## Collected material
+++++

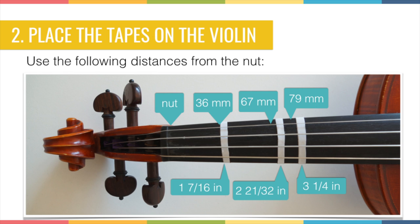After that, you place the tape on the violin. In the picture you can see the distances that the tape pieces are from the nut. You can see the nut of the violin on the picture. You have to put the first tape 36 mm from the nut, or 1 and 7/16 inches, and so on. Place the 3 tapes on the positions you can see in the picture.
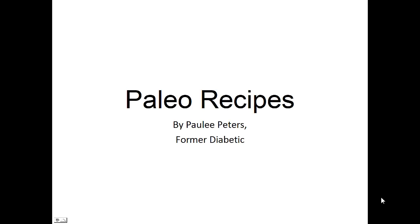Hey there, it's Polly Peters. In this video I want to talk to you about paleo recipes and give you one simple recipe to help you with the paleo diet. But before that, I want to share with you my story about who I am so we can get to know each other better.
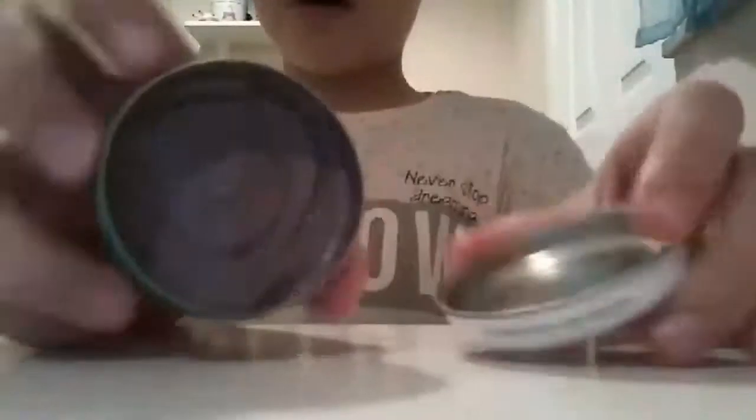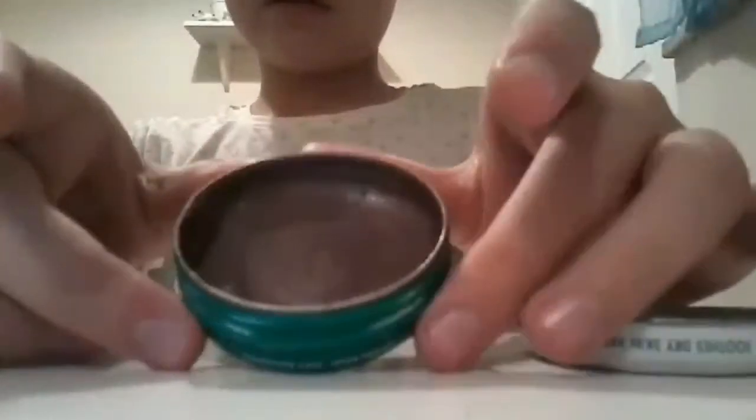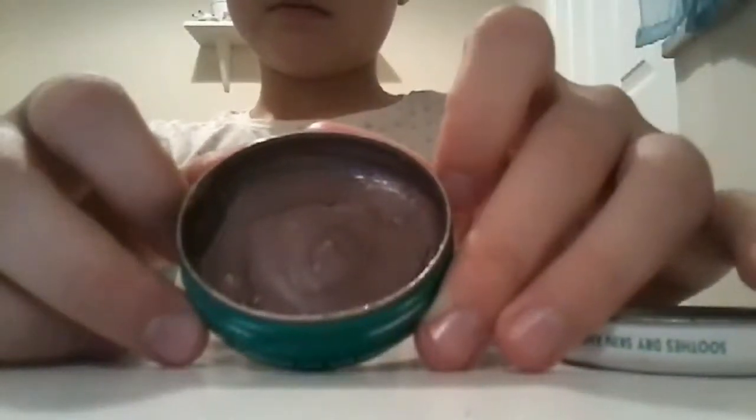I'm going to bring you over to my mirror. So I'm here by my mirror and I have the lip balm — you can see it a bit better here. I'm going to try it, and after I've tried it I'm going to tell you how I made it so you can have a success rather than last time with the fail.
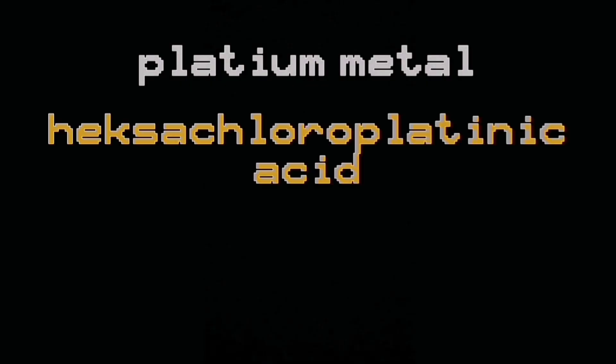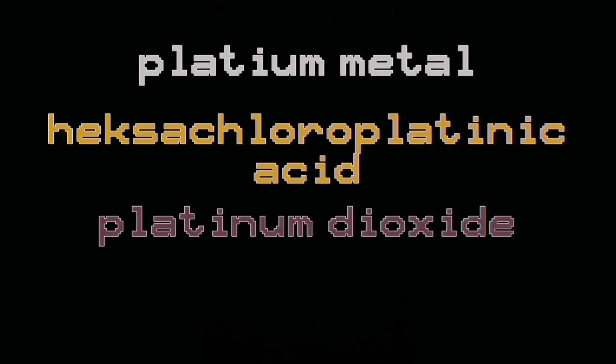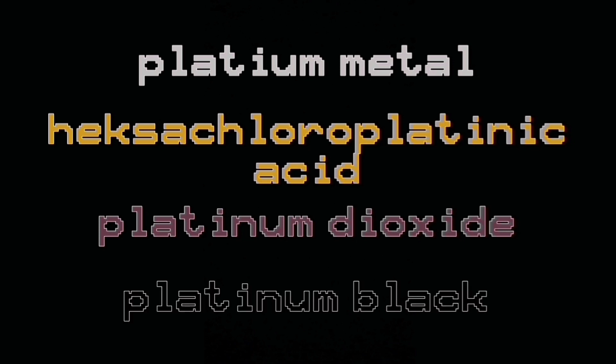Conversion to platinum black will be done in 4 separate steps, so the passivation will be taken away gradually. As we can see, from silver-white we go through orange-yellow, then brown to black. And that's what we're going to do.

+++++

## Instructions to follow
The result should be an exact copy of only the lines above from the one that holds "Hey there, it's" through the one that holds "I'm going to bring", both ends included, without pictures.

## Answer for this exercise
Hey there, it's Polly Peters. In this video I want to talk to you about paleo recipes and give you one simple recipe to help you with the paleo diet. But before that, I want to share with you my story about who I am so we can get to know each other better.
I'm going to bring you over to my mirror. So I'm here by my mirror and I have the lip balm — you can see it a bit better here. I'm going to try it, and after I've tried it I'm going to tell you how I made it so you can have a success rather than last time with the fail.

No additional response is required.